Illustration of the installation of the LATCH car seat.
A TIGHT FIT When installing a LATCH car seat, attach the lower anchor (A) and the tether (B). A secure car seat should not be able to move more than 1 inch forward or sideways.
Premature babies and other very small newborns may require a car bed if there's concern that a car seat may not provide a secure fit or that it may exacerbate breathing problems. Preemies' travel should be kept to a minimum during the first months of life.

The safest place for a child in a car seat is in your vehicle's center-rear seat--never upfront near an air bag. A child should ride in a rear-facing car seat until reaching the maximum weight/height limits or other limits stated by the seat's manufacturer. (Typical weight limits for rear-facing use of convertible seats is 30 pounds.) Never switch the child's seat to a front-facing orientation for a child less than 1 year old and not over 22 pounds. For rear-facing use, recline the seat to achieve an optimum 45-degree angle.

Harness straps in a rear-facing car seat should be at or slightly below the infant's shoulders. For front-facing toddlers, harness straps should be at or slightly above the toddler's shoulders. If a harness is properly snug, you should not be able to insert more than one of your fingers behind it.

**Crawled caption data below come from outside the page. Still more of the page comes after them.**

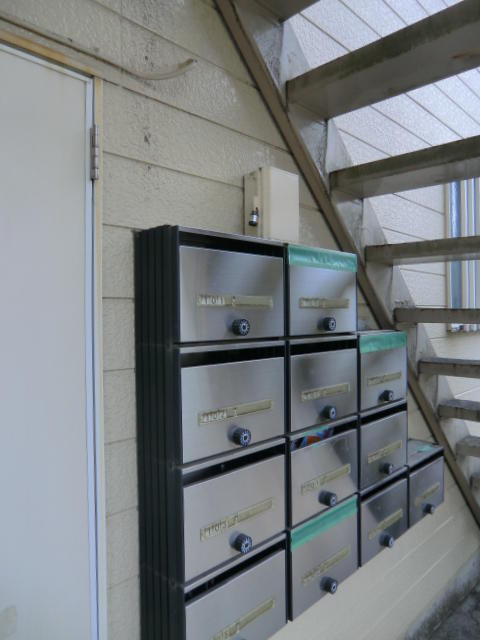 共用部（その他）／ダイヤル式ポスト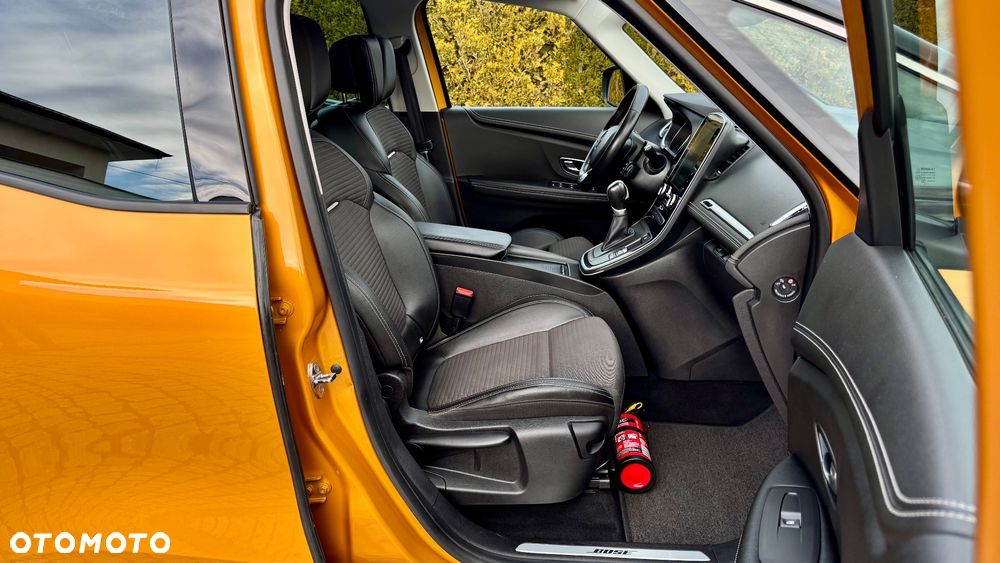 Renault Scenic 1.5 dCi Bose EDition EDC - 29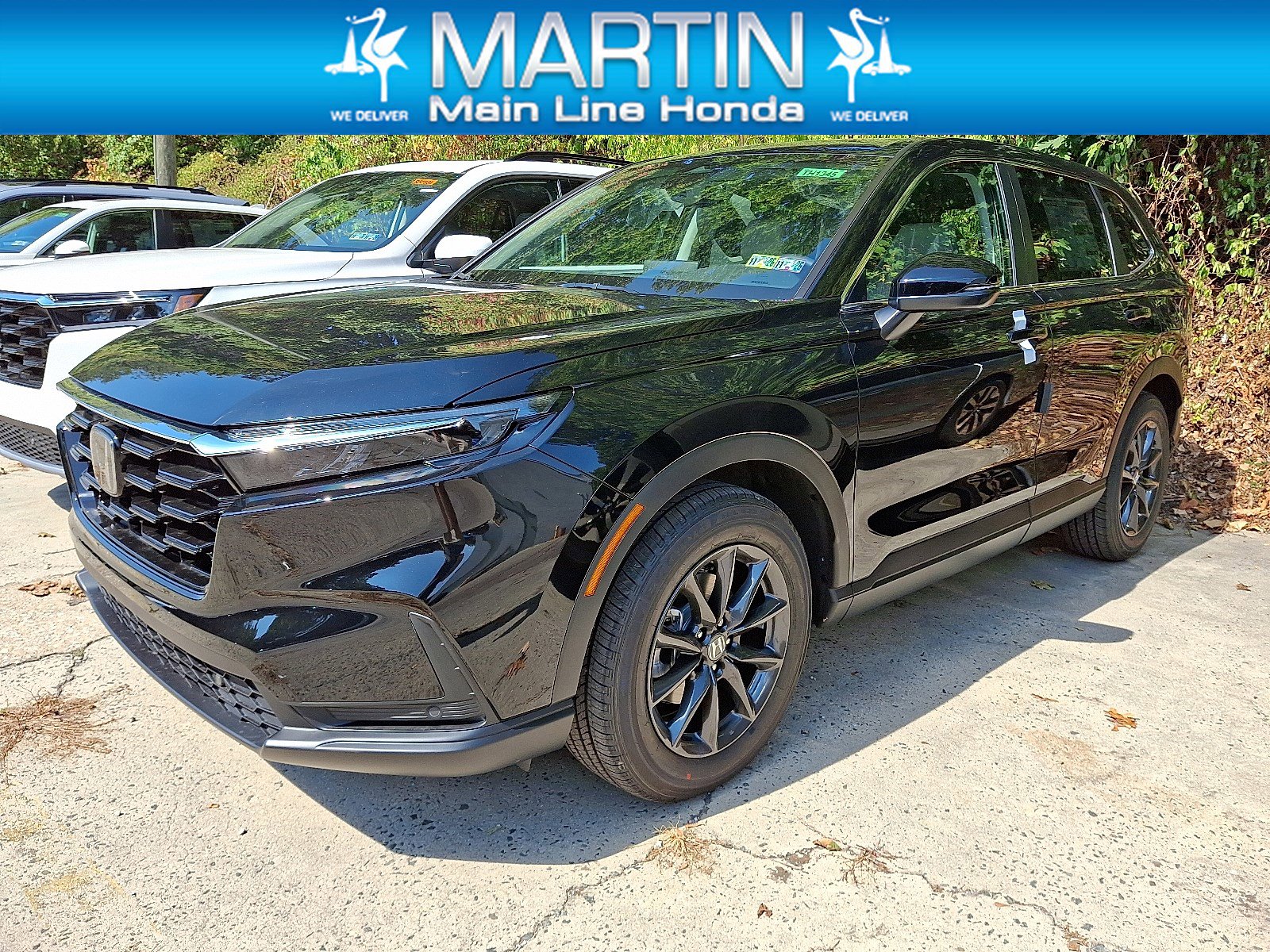 2026 Honda CR-V EX-L's photo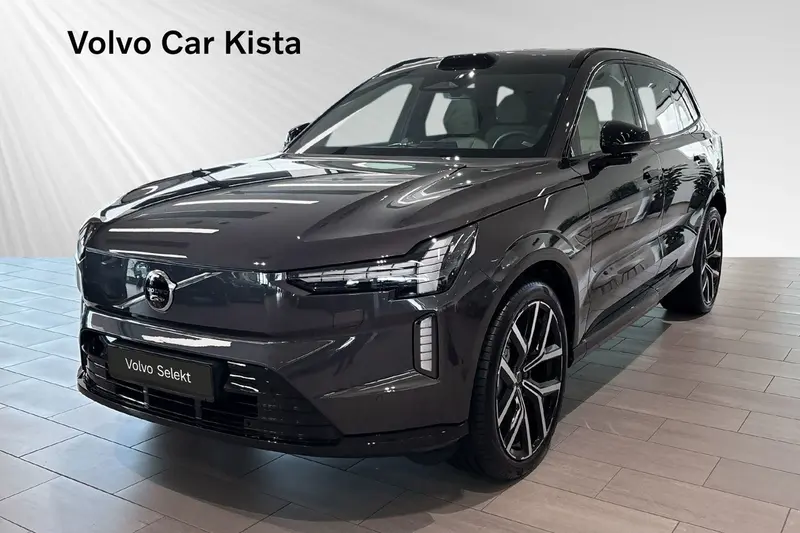 Volvo EX90 2025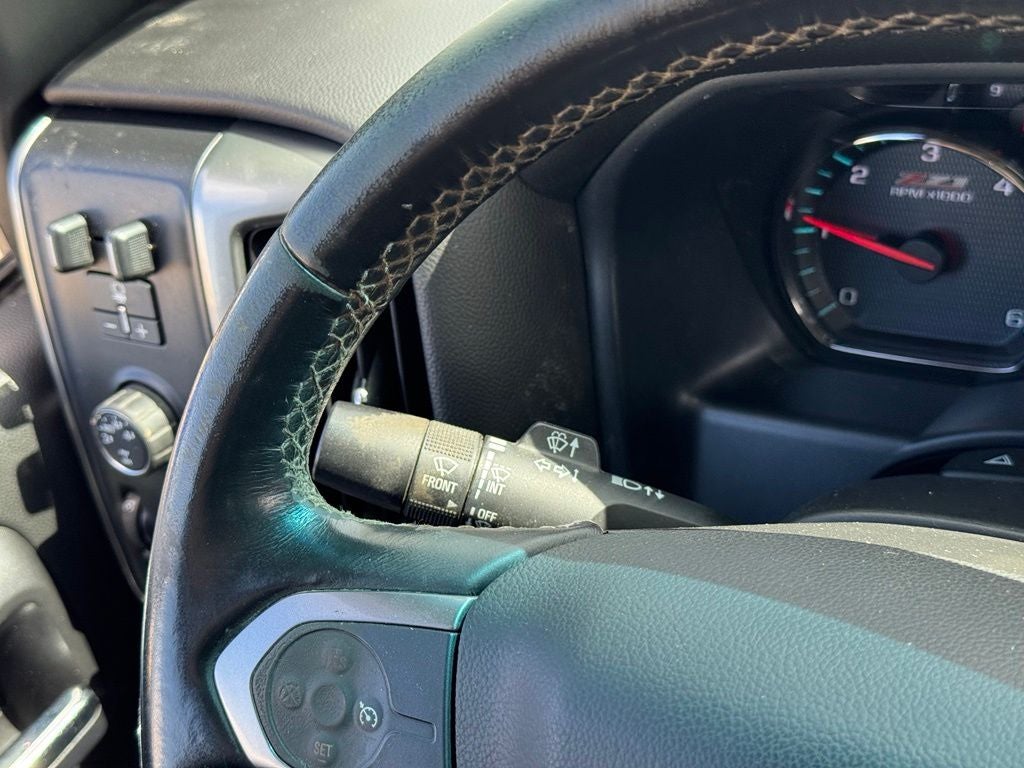 2016 Chevrolet Silverado 1500 LT LT2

Officer Jason Caravaglia inspecting the car seat of Tracey Baylin and her son, Samuel.
SAFE AND SOUND Check for a car-seat inspection site near you at www.seatcheck.org or www.nhtsa.gov .
Children over 40 pounds should use a booster seat or similarly appropriate restraint until they can sit in a vehicle's rear seat with their knees bent comfortably over the edge, with the vehicle shoulder belt crossing midchest and the lap belt snug across the top of their thighs. They should never ride unbelted. Some seats can be used with their internal harness for children up to 65 pounds.

When possible, buy new. Try out the car seat in your car; return it to the seller if it's difficult to install or use.

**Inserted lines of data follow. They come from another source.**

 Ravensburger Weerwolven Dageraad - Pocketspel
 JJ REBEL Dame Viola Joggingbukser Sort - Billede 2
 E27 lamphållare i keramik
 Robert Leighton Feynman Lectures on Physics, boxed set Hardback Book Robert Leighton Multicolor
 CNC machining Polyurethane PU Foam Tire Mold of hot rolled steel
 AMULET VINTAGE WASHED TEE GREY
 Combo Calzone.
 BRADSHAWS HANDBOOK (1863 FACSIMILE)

Don't accept a hand-me-down with an unknown history or one that is more than six years old. If you must have a used seat, avoid recalled models by checking www.recalls.gov .

Return the registration card so you can be notified of a recall.

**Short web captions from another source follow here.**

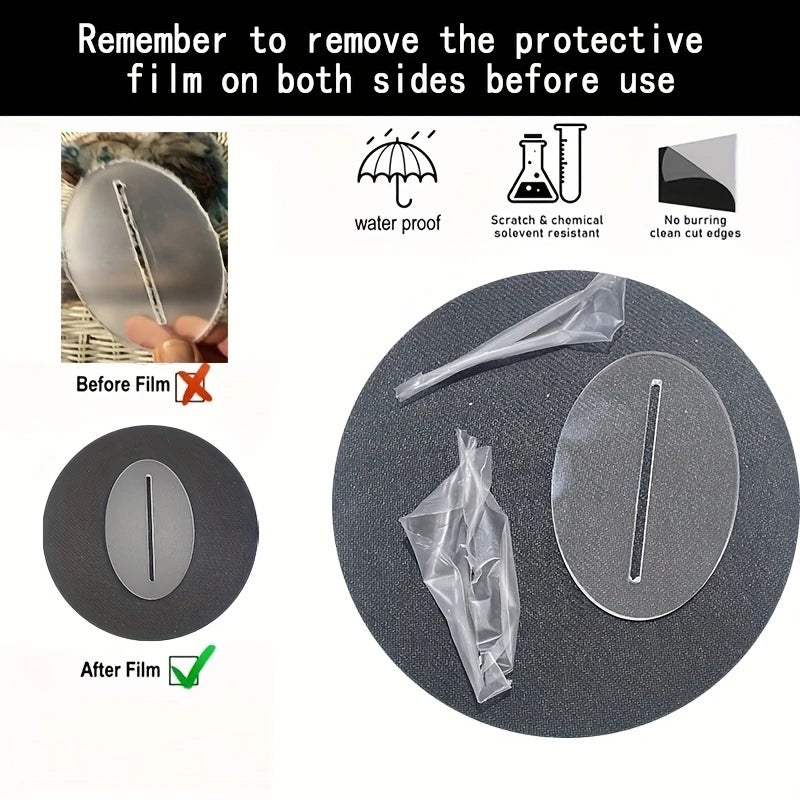 Christmas Moonhouse Acrylic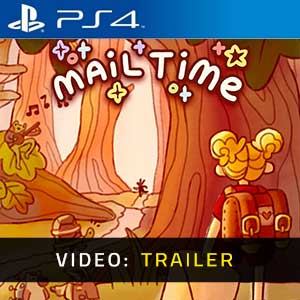 Mail Time PS4- Rimorchio Video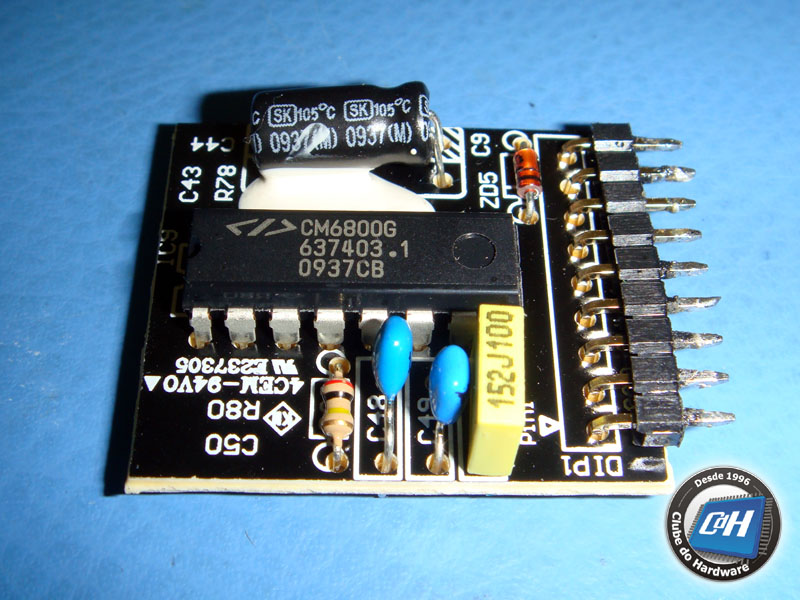 Fonte de alimentação CM GX 750 W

NHTSA recently issued new advice: Parents can be confident that a child car seat will continue to do its job after a minor crash. The agency defines a minor crash as one that causes no visible car-seat cracks or deformities; injures no one in the car; results in no damage to the door or doors nearest the car seat; and does not trigger the air bags.

After a minor crash, keep your child strapped in the seat as you drive away from the scene. Before the next trip, contact a trained car-seat inspector--go to www.nhtsa.dot.gov or www.seatcheck.org --but keep in mind that inspections aren't infallible.